Prove that \[{\tan ^{ - 1}}x + {\tan ^{ - 1}}y = {\tan ^{ - 1}}\left( {\dfrac{{x + y}}{{1 - xy}}} \right)\] where \[xy < 1\]

Answer 1

Hint: In this question, we will proceed by writing the given data and then consider the R.H.S part of the given equation.
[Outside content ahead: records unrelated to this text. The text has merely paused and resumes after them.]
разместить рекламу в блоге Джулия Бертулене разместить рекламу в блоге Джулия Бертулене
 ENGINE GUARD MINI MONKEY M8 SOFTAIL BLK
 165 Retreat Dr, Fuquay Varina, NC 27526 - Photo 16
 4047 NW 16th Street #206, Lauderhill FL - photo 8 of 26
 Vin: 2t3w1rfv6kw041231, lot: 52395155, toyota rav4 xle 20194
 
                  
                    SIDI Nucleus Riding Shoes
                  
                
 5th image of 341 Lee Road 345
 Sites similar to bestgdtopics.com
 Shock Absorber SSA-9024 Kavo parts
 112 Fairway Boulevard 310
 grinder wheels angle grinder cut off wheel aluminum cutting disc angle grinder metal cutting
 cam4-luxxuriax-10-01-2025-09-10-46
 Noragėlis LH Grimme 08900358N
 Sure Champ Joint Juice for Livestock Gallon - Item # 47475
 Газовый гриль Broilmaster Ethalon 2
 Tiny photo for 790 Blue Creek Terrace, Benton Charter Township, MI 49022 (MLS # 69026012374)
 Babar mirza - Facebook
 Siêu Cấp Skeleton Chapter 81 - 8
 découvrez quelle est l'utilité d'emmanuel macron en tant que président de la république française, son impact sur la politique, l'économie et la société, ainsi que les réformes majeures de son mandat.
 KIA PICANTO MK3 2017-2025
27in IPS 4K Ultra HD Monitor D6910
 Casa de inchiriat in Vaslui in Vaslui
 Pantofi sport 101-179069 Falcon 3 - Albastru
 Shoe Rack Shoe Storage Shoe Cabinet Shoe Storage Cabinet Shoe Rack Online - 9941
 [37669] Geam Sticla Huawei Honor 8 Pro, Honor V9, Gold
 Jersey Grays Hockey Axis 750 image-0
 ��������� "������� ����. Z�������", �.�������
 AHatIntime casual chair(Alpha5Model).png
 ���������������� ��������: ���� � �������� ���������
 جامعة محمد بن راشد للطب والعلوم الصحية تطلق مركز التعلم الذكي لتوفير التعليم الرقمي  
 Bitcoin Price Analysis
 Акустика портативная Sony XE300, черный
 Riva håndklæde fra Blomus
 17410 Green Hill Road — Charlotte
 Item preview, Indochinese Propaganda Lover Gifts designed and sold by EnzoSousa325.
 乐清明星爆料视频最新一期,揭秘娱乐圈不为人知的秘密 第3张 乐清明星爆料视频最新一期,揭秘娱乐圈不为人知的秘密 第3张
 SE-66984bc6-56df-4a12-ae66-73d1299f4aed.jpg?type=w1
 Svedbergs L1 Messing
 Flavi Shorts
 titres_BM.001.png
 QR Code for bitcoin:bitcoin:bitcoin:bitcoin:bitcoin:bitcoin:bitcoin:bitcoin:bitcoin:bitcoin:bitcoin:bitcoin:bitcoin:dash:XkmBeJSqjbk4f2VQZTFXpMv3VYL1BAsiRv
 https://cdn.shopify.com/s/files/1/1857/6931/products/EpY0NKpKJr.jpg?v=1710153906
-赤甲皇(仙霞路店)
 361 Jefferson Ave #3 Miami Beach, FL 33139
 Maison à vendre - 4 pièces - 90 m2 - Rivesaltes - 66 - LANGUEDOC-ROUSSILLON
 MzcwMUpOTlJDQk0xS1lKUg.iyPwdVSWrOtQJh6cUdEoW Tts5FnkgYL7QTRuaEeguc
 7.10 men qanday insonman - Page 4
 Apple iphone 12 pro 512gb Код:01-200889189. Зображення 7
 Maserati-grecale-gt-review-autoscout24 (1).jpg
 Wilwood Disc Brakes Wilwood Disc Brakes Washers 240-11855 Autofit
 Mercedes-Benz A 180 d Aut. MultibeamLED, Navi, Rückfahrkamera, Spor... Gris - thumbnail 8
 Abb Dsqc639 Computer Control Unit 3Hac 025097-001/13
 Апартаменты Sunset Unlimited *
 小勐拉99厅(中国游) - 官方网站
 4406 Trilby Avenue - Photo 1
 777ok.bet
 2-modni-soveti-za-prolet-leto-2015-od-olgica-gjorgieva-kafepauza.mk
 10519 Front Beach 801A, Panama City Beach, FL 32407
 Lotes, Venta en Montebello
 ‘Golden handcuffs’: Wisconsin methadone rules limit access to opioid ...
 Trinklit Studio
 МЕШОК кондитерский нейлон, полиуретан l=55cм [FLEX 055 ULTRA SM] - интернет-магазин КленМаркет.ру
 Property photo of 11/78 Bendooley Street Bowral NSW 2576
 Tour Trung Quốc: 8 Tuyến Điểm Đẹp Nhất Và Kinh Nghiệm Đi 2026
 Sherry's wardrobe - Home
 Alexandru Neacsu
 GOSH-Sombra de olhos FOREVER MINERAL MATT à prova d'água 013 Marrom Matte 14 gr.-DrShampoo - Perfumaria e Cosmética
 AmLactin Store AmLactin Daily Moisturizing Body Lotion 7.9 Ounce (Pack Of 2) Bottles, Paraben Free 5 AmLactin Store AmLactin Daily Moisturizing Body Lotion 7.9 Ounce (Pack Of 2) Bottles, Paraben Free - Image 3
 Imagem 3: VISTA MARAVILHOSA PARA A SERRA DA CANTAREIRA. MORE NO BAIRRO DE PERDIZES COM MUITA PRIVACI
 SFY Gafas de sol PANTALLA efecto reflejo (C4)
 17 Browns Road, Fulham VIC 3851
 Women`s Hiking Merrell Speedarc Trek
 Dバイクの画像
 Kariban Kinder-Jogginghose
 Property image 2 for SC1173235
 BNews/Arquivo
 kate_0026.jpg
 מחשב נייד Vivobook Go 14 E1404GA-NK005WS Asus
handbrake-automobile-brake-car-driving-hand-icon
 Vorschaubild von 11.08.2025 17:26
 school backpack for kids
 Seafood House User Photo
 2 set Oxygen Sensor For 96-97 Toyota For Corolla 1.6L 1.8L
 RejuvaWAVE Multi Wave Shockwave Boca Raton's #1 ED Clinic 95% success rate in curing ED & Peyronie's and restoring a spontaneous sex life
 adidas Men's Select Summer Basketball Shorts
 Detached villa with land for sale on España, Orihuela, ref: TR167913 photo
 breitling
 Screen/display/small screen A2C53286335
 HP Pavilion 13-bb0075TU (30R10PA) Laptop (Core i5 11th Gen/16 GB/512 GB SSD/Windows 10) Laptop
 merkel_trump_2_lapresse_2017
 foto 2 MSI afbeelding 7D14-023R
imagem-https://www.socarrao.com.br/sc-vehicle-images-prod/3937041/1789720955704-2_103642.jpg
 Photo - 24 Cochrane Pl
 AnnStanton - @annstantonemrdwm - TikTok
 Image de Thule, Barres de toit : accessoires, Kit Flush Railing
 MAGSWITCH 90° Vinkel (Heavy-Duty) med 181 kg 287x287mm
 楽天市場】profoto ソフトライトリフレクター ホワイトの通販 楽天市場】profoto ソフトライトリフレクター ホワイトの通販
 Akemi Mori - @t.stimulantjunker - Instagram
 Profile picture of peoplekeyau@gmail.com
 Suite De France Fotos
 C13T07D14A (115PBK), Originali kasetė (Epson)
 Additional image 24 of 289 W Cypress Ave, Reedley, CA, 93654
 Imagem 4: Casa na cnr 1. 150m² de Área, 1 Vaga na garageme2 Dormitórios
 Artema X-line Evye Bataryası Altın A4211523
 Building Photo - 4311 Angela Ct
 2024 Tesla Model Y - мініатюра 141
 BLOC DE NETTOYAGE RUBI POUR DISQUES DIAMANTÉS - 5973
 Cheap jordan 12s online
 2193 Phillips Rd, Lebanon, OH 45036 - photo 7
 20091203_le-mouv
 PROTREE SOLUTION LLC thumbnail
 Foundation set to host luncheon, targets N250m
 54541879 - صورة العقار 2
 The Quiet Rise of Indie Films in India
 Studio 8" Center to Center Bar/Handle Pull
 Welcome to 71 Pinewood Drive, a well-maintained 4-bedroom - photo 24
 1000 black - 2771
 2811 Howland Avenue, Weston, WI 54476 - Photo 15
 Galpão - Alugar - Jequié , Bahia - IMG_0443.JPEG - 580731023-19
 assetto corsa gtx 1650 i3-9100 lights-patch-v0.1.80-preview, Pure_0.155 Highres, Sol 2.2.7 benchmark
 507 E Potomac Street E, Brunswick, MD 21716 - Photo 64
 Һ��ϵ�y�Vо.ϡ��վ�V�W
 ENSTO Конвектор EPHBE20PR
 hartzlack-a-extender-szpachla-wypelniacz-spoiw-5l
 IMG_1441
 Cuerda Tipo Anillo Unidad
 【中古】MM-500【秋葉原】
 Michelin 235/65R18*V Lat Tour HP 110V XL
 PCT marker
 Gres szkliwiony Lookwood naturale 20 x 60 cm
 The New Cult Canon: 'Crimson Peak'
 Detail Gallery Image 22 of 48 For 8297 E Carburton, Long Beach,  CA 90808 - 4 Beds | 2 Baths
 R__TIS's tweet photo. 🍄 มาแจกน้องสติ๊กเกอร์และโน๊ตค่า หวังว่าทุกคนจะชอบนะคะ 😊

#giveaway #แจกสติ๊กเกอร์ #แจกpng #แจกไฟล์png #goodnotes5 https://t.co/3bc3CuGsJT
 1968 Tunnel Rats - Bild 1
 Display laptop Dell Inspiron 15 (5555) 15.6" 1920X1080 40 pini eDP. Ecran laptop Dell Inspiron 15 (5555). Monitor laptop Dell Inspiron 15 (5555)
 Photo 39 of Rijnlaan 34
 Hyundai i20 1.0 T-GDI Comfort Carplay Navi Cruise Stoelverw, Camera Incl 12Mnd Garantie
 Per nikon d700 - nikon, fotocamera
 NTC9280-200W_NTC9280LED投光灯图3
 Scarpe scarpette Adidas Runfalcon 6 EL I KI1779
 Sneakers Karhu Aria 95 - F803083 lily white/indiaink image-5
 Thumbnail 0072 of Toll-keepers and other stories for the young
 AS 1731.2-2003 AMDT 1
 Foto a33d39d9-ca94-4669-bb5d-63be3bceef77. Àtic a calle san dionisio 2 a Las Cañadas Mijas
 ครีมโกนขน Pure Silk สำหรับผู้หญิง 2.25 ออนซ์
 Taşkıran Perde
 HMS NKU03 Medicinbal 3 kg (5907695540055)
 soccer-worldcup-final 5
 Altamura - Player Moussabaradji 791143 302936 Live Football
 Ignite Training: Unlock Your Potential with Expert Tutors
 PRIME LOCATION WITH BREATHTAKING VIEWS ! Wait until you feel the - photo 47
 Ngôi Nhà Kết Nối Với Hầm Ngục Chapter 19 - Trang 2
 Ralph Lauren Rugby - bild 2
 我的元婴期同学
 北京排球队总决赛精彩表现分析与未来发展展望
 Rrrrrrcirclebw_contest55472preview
Then use substitution method along with trigonometry formula to prove that the R.H.S and L.H.S are equal.

Complete step by step answer:
Here we have to prove that \[{\tan ^{ - 1}}x + {\tan ^{ - 1}}y = {\tan ^{ - 1}}\left( {\dfrac{{x + y}}{{1 - xy}}} \right)\] where \[xy < 1\]
Now consider the RHS part i.e., \[{\tan ^{ - 1}}\left( {\dfrac{{x + y}}{{1 - xy}}} \right)\]
Let \[x = \tan \theta \Rightarrow \theta = {\tan ^{ - 1}}x\] and \[y = \tan \alpha \Rightarrow \alpha = {\tan ^{ - 1}}y\]
So, we have RHS as
\[ \Rightarrow {\text{R}}{\text{.H}}{\text{.S}} = {\tan ^{ - 1}}\left( {\dfrac{{\tan \theta + \tan \alpha }}{{1 - \tan \theta \tan \alpha }}} \right)\]
We know that, \[\tan \left( {A + B} \right) = \dfrac{{\tan A + \tan B}}{{1 - \tan A\tan B}}\]. So, using this formula we have
\[ \Rightarrow {\text{R}}{\text{.H}}{\text{.S}} = {\tan ^{ - 1}}\left( {\tan \left( {\theta + \alpha } \right)} \right)\]
Also, we know that \[{\tan ^{ - 1}}\left( {\tan A} \right) = A\]. So, using this formula we have
\[ \Rightarrow {\text{R}}{\text{.H}}{\text{.S}} = \theta + \alpha \]
Resubstituting the values of \[\theta \] and \[\alpha \], we have
\[
   \Rightarrow {\text{R}}{\text{.H}}{\text{.S}} = {\tan ^{ - 1}}x + {\tan ^{ - 1}}y \\
  \therefore {\text{R}}{\text{.H}}{\text{.S}} = {\text{L}}{\text{.H}}{\text{.S}} \\
\]
Hence proved.

Note: Here we have used the trigonometry formulae \[\tan \left( {A + B} \right) = \dfrac{{\tan A + \tan B}}{{1 - \tan A\tan B}}\] and \[{\tan ^{ - 1}}\left( {\tan A} \right) = A\]. So, for solving these types of problems always remember the formulae in trigonometry and inverse trigonometry.